--- Collected data ---
*** Block opens ***

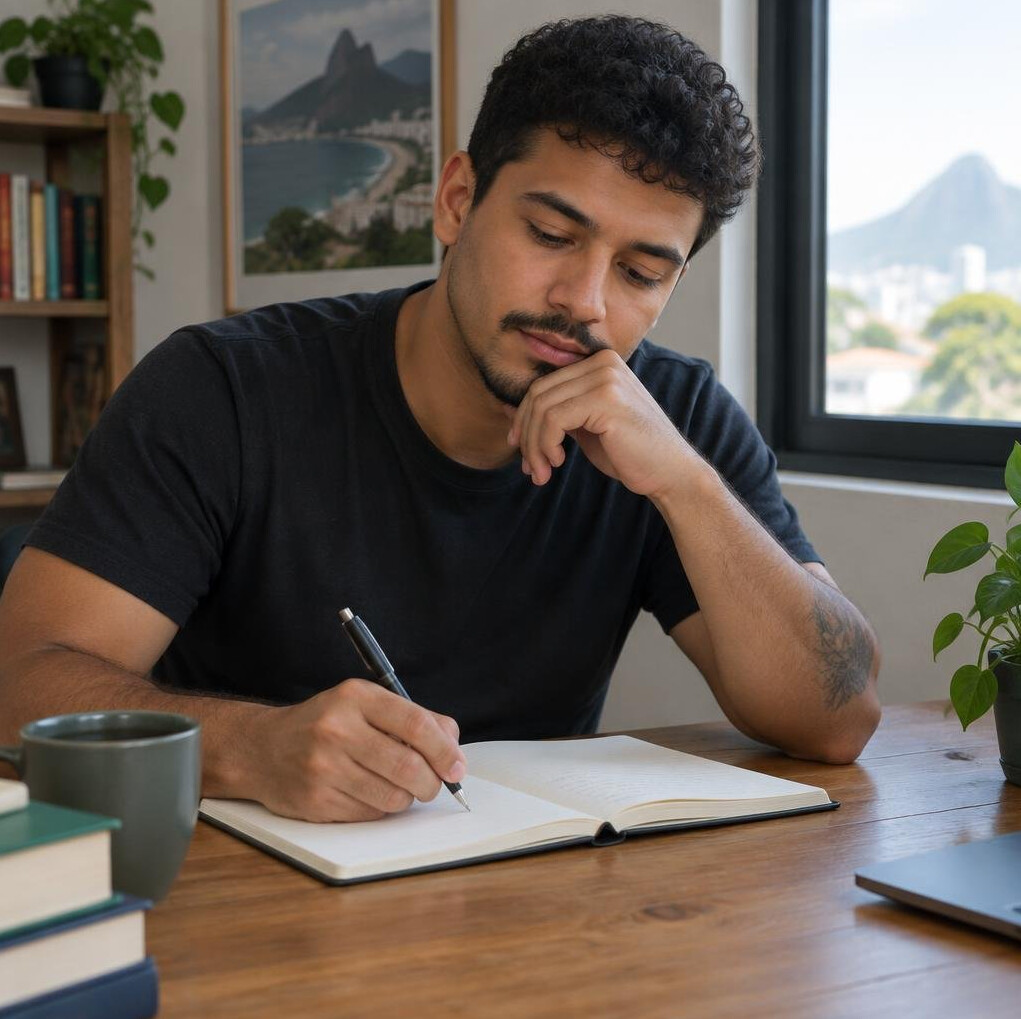 Young man writing thoughtfully in a notebook at a wooden desk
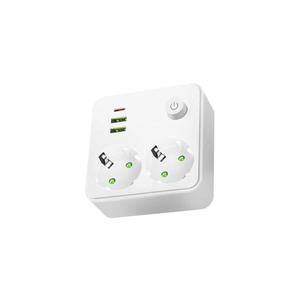 Rozbočovacia zásuvka s vypínačom LINEA 2x230V + 3xUSB A/C SCHUKO biela 004317 vyobraziť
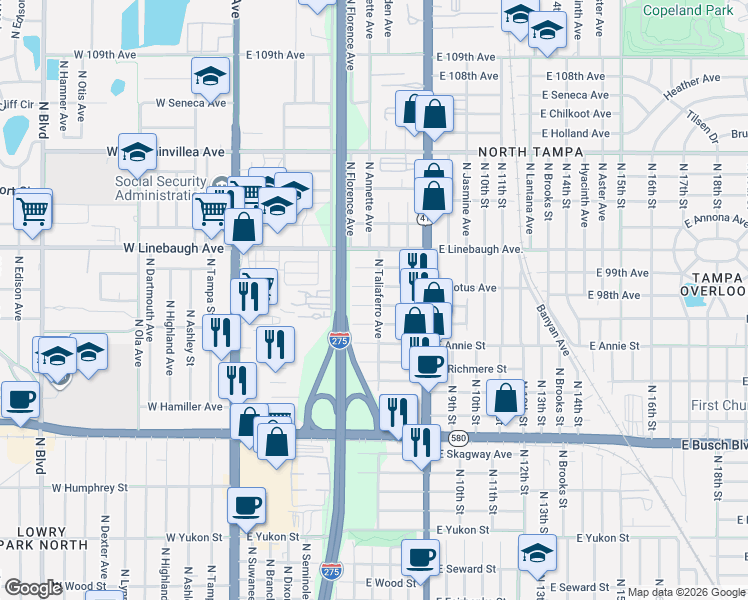 map of restaurants, bars, coffee shops, grocery stores, and more near 712 East Castle North Court in Tampa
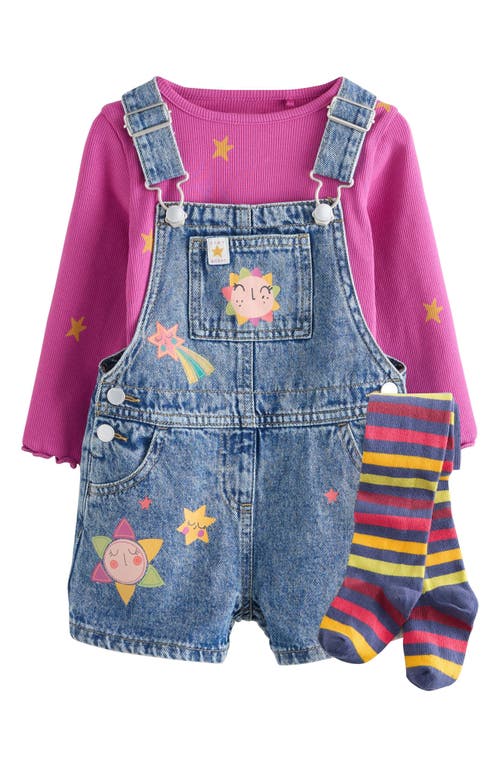 Next Kids' Print T-shirt, Denim Overalls & Socks Set In Blue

*** Block closes ***

Please write out exactly the lines from the one holding "map of restaurants, bars, coffee" through the last line of the material above, both included, as a copy without pictures.

 map of restaurants, bars, coffee shops, grocery stores, and more near 712 East Castle North Court in Tampa
 Next Kids' Print T-shirt, Denim Overalls & Socks Set In Blue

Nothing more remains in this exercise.